Zugleich bleiben große Herausforderungen: Hunger, Armut, Kriege, Klimawandel – wie vor wenigen Monaten der Zyklon „Idai“ in Malawi, Mozambik und Simbabwe. Afrika wird in 15 Jahren die größte Jugendgeneration der Welt haben. Das ist ein Potenzial – aber auch eine Herausforderung, denn diese jungen Menschen wollen Arbeit, Einkommen, sie wollen eine Perspektive haben und sich sinnvoll einbringen in ihre Gesellschaften.
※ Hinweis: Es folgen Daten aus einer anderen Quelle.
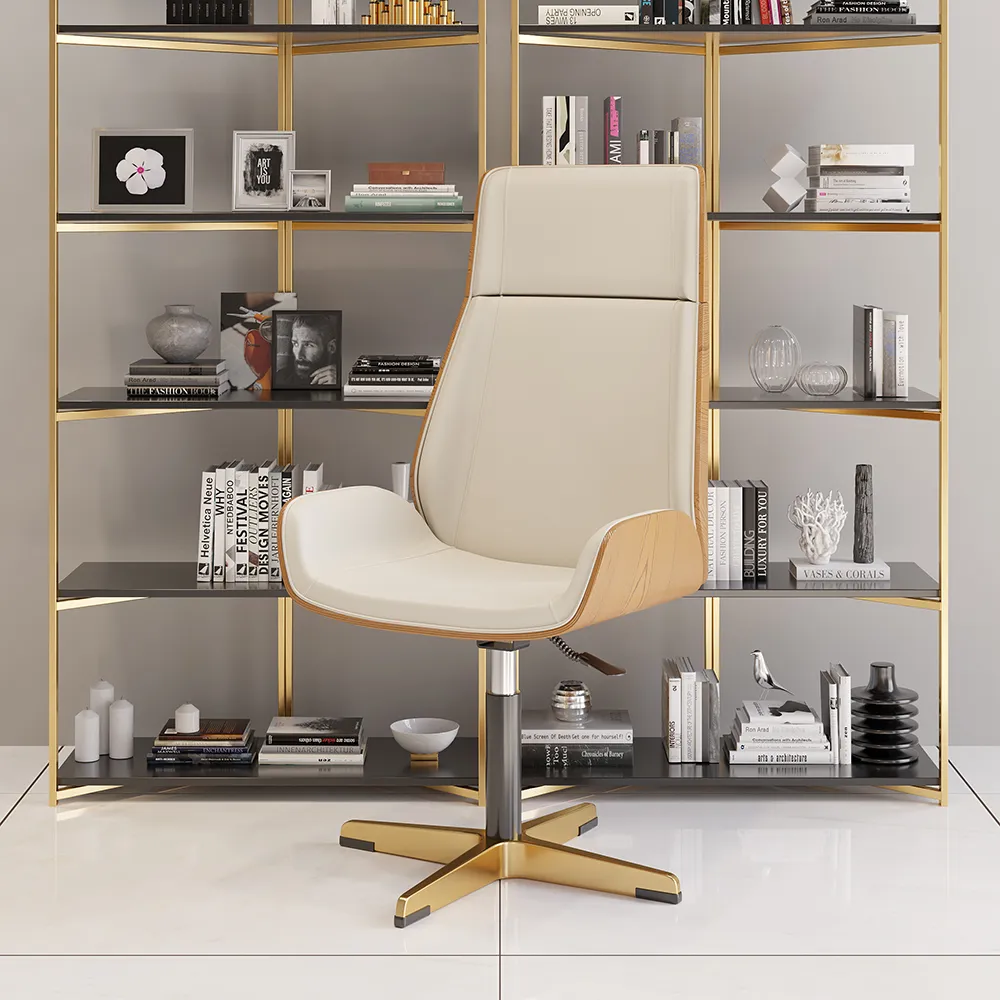 High Back Executive Office Chair - Beige, PU Leather image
Mit ihrer „Agenda 2063“ haben sich die afrikanischen Länder ambitionierte Ziele gesetzt für ein prosperierendes Afrika. Mit dem „Marshallplan mit Afrika“ haben wir im Bundesministerium für wirtschaftliche Zusammenarbeit und Entwicklung (BMZ) ein Konzept für eine neue Art der Zusammenarbeit entwickelt.
Damit unterstützen wir dort, wo die afrikanischen Länder selbst auch ansetzen wollen: mehr private Investitionen anziehen, mehr Wertschöpfung vor Ort, mehr “Made in Africa”. Damit junge Menschen eine Zukunftsperspektive bekommen, fördern wir Bildung und Ausbildung; wir unterstützen den Kampf für mehr Rechtsstaatlichkeit und gegen Korruption. Wir machen uns stark für faire Handelsbedingungen zwischen Afrika und Europa. Das schließt auch den Kampf gegen ausbeuterische Kinderarbeit ein.
Das KENAKO Afrika Festival zeigt einen Ausschnitt aus dem Reichtum Afrikas. Dafür möchte ich mich bei den Organisatorinnen und Organisatoren bedanken. Schon zum achten Mal schaffen Sie hier einen Ort des kulturellen Austauschs – mit Musikerinnen und Musikern aus Angola, Burkina Faso oder Ruanda, mit literarischen Vorträgen der afrikanischen Diaspora oder Möglichkeiten, die kulinarische Vielfalt des Kontinents zu entdecken. Ich habe gern wieder die Schirmherrschaft übernommen. Denn Afrika ist Chancen- und Wachstumskontinent!
Ich wünsche Ihnen viel Spaß und gute Begegnungen!